Kenny Williams strikes again. It has been common knowledge around the league that the White Sox have been in pursuit of Adam Dunn for some time and Kenny finally got his man. Williams has a way of making deals appear virtually out of thin air and this is no exception. While we all knew that Williams and the White Sox tried - and failed - to swing a deal with the Nationals for the slugger at the trade deadline last year, there had been little to no news on that front so far this off season. So when the news came that a deal was in place it surprised me a bit. Not because I didn't consider the possibility of Dunn coming to the Sox, but rather because it happened so fast.
When I ran down the payroll situation of the White Sox at the outset of this years off season, I knew Williams was going to have his hands full trying to improve his club enough to leapfrog the Twins while having little money to work. With and some tough positions to fill, even with the expected non-tendering of closer Bobby Jenks, money was still going to be tight. Thankfully, the deep pockets of owner Jerry Reinsdorf appear to be giving Williams a little extra wiggle room.
Payroll constraints not withstanding, one area that seemed almost certain to be addressed was designated hitter, where the White Sox received horrible production after a failed experiment at signing light hitting position players to man a position where hitting is the only job.

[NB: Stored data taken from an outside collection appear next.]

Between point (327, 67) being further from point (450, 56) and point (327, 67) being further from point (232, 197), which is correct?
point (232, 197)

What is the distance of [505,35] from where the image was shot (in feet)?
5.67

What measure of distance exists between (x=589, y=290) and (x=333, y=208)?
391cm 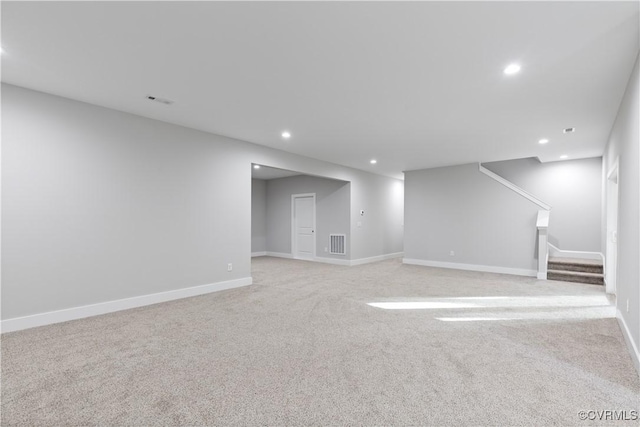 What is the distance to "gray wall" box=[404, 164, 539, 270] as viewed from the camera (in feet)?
22.0

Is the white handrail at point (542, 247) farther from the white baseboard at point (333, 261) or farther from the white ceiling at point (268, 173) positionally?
the white ceiling at point (268, 173)

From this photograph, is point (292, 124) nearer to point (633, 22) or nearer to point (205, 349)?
point (205, 349)

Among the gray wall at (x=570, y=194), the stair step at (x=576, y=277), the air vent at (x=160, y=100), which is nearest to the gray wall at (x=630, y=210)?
the stair step at (x=576, y=277)

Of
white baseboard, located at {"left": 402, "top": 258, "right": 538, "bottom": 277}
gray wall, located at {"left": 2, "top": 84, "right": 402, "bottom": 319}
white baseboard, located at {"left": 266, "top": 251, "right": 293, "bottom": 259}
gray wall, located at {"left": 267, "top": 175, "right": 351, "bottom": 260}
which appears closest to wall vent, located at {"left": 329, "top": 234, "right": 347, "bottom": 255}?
gray wall, located at {"left": 267, "top": 175, "right": 351, "bottom": 260}

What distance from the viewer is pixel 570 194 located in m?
7.20

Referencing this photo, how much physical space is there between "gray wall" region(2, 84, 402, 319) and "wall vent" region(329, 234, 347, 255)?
3.17 metres

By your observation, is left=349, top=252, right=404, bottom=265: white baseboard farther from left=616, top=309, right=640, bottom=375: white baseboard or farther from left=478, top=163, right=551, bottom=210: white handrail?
left=616, top=309, right=640, bottom=375: white baseboard

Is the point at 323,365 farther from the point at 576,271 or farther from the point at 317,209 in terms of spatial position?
the point at 317,209

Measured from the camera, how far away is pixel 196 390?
2148 mm

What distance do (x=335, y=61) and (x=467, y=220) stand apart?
235 inches

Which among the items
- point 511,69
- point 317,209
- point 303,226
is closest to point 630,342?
point 511,69

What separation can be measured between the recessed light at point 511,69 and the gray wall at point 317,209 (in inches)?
207

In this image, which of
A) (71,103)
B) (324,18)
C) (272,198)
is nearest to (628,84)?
(324,18)

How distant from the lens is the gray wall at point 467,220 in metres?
6.70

By signing Dunn to a 4 year 56 million dollar deal the White Sox have ensured that they'll have one of the games pre-eminent power hitters in the middle of their lineup for years to come. Though, much like with the signing of Victor Martinez in Detroit, they'll be getting Dunn for the tail end of his prime and the beginning of his decline phase as he'll be 32 in 2011. Of course, all players age differently and there is nothing to say that Dunn wont produce the best numbers of his career while in Chicago. Dunn could provide a fantastic complement to the right handed Paul Konerko, should the White be able to bring him back (more on that later) - or anchor a lineup all on his own should a deal not be able to be worked out.

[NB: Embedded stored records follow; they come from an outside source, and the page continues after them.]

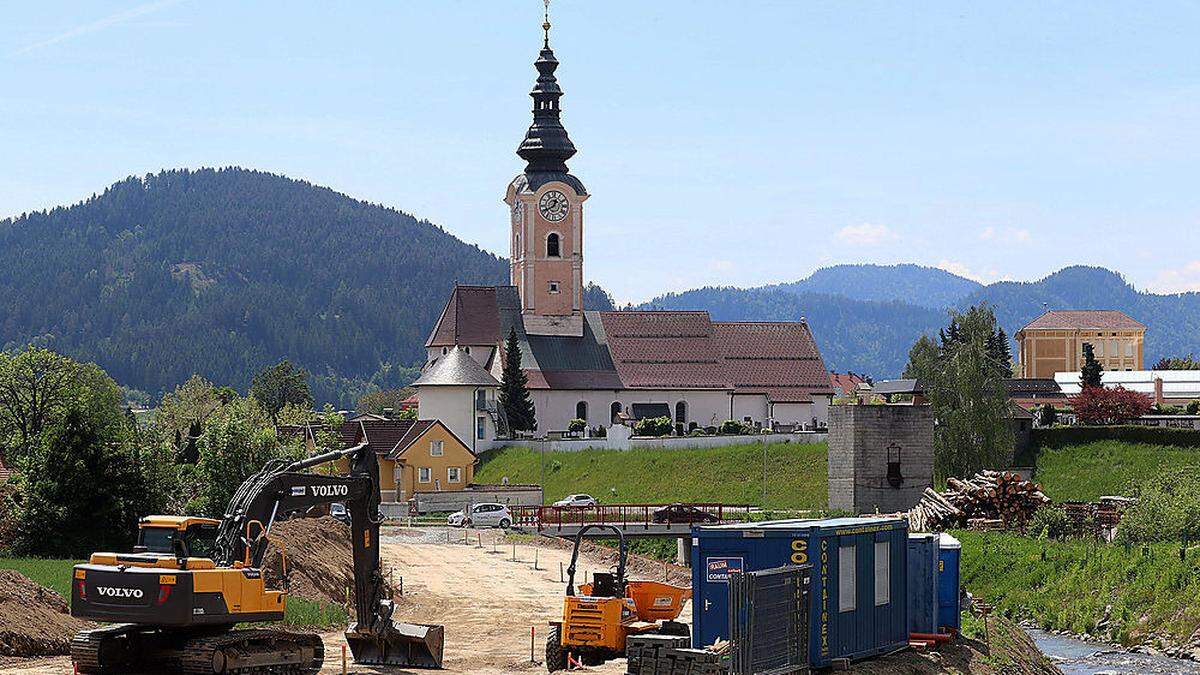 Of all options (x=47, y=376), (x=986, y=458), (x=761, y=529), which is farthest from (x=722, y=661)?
(x=47, y=376)

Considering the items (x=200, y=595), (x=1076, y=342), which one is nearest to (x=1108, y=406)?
(x=200, y=595)

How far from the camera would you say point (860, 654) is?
27594 mm

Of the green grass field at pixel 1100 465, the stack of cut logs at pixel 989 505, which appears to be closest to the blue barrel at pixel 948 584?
the stack of cut logs at pixel 989 505

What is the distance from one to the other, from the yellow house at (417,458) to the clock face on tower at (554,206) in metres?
27.7

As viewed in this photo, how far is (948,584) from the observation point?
3142 centimetres

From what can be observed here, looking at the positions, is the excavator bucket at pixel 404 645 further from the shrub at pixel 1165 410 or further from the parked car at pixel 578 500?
the shrub at pixel 1165 410

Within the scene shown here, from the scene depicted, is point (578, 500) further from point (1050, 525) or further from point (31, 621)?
point (31, 621)

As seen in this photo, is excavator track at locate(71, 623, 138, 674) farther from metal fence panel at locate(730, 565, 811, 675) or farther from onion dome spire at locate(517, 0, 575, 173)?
onion dome spire at locate(517, 0, 575, 173)

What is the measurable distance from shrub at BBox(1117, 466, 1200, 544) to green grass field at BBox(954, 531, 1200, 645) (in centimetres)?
111

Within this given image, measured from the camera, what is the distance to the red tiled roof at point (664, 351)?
10388 cm

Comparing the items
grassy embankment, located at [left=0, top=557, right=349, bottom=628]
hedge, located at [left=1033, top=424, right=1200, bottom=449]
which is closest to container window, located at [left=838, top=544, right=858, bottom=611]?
grassy embankment, located at [left=0, top=557, right=349, bottom=628]

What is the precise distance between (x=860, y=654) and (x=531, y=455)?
202 feet

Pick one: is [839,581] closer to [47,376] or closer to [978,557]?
[978,557]

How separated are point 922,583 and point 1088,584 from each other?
19.8 m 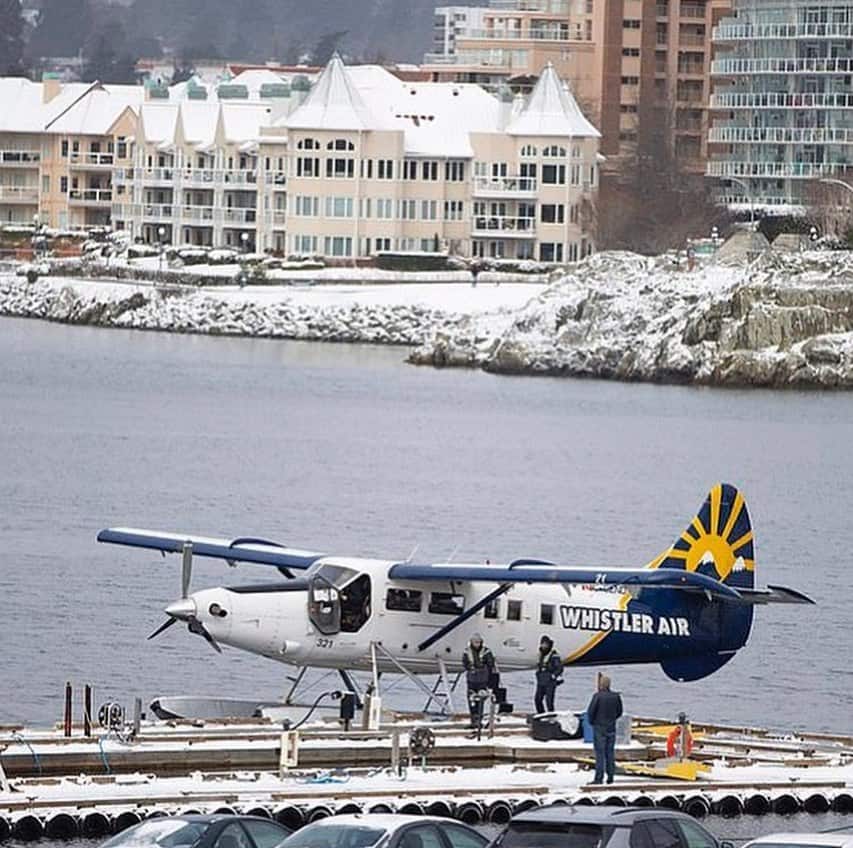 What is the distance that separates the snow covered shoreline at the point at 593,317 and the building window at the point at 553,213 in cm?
771

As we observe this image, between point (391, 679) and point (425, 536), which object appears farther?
point (425, 536)

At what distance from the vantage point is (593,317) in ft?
336

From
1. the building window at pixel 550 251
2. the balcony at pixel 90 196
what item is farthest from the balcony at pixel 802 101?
the balcony at pixel 90 196

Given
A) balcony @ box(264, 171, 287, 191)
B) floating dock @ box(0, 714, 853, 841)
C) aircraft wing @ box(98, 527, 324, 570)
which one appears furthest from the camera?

One of the most prolific home run hitters in the game today - and one of it's most prolific strikeout artists (32.8% for his career!) - Dunn is the definition of a all-or-nothing swinger. Of his 145 hits last year, 76 went for extra bases. Dunn is going to swing and miss a lot, that's just a fact of life, but when he doesn't miss, he has a tendency to hit the ball very, very hard. Of course, it's not just Dunn's power that makes him valuable, he's also one of the games best at taking a walk (I guess the thought of a strike being hit 450 feet will entice guys to nibble a bit more than normal). His power/on-base combination have made him one of the games best, and most consistent offensive forces as he has posted an OPS of .890 or better in six of the past seven seasons.

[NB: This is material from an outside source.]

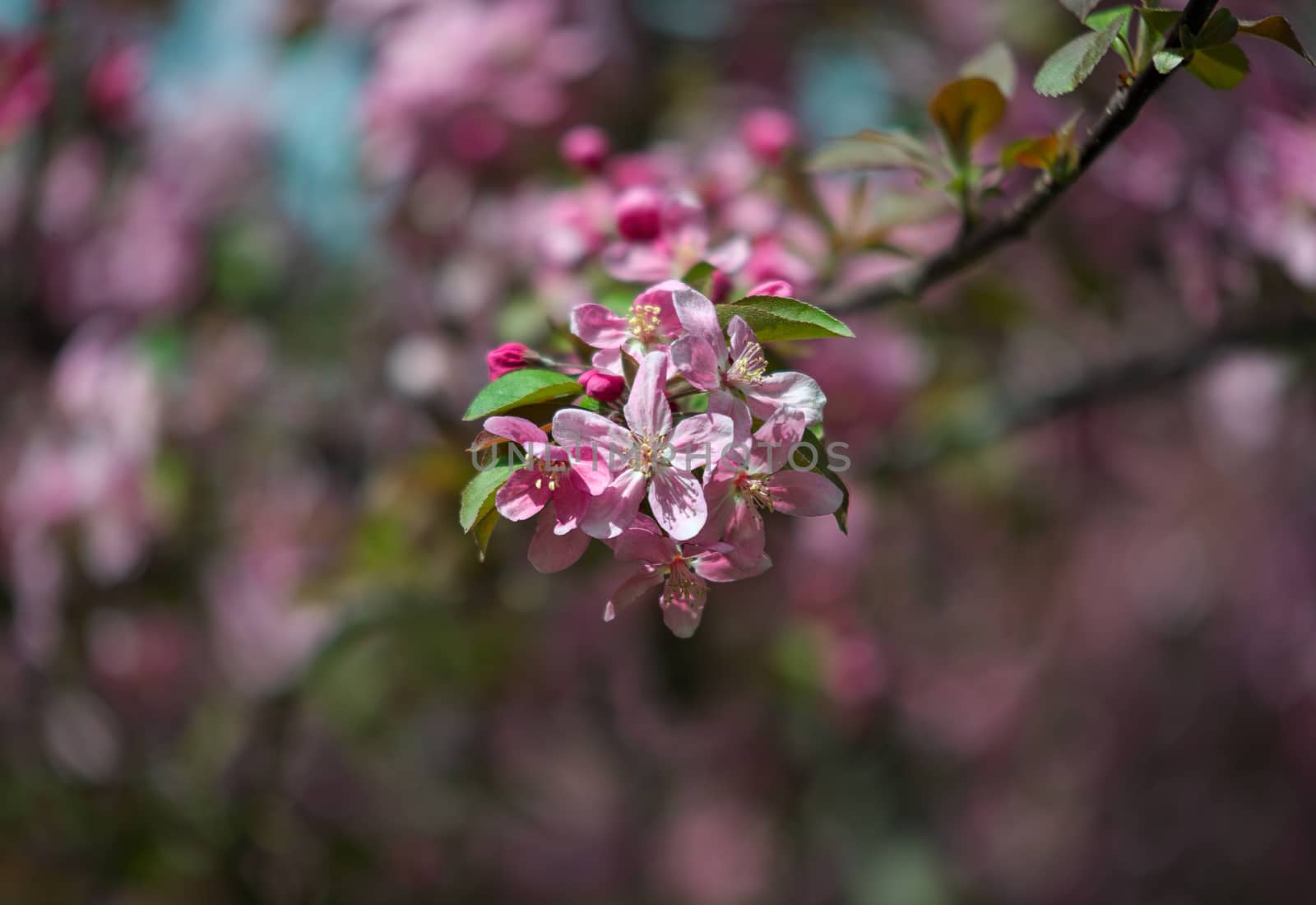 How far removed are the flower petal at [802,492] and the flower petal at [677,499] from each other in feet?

Of course, we also know that Dunn has his faults. There are the strikeouts of course, but there is plenty of debate as to just how much worse a strikeout is than another sort of out - or if it's worse at all. So I'll leave the relevance of that particular aspect of his game to your own judgment. Because of the strikeouts, Dunn isn't going to hit for average, but thankfully to say, he takes all those walks which still allows him to be an on-base machine. What isn't debatable is the fact that playing Dunn at any position is a serious hazard to health of your pitchers ERA's. After five straight seasons with a mind-boggling -23 UZR/150 (AT LEAST!!!) or worse at first base, Dunn showed some improvement during the past year, but it's likely that's just noise. And, in left field he's really no better.
He's so bad in fact that playing him in the field regularly forces him to lose a massive amount of his value. In 2009, for instance, despite posting a .928 OPS (good for a 4.1 oWAR according to Baseball-reference) was worth a -3.2 dWAR. So in the end, his value - at least according to WAR, was just barely above average. While that's an extreme example (his dWAR has never approached those numbers again) he's fairly consistently cost his team significantly on the field.
Thankfully to say, the White Sox play in the American League where they can bury his glove at DH. Initially Dunn had been hesitant to accept a role with a team that would use him as a designated hitter (probably because it lowers a players value as a free agent by a good amount), but it appears he's come around. If the White Sox can avoid deploying Dunn in their defensive rotation as much as possible, it's likely that he'll be worth a consistent 3.5-4.0 WAR for at least the first 2-3 years of his contract. If so, this could be a brilliant deal for the White Sox. But if Ozzie Guillen should, for some reason, insist on playing Dunn in the field, this could just as easily become a disaster.
If we assume that Dunn can be worth at least 3.0 WAR per year, an easily attainable goal provided good health and minimal time playing defense, he'd be worth a minimum of around 51m. That's close enough to even money for a free agent signing for it to be considered a success. And really, 3.0 WAR as a DH is probably his downside. If he can produce the way he has throughout his career he should easily be worth more. At the likely rate of around 4.0 WAR, he'll be worth 68m - a number that would easily eclipse what the White Sox will be paying him.
If properly utilized, Dunn should provide a legitimate middle-of-the-order run-producing bat for the next four years who can help mash the White Sox back to the post season in homer-friendly US Cellular. He could also prove to be something even more rare - a free agent steal.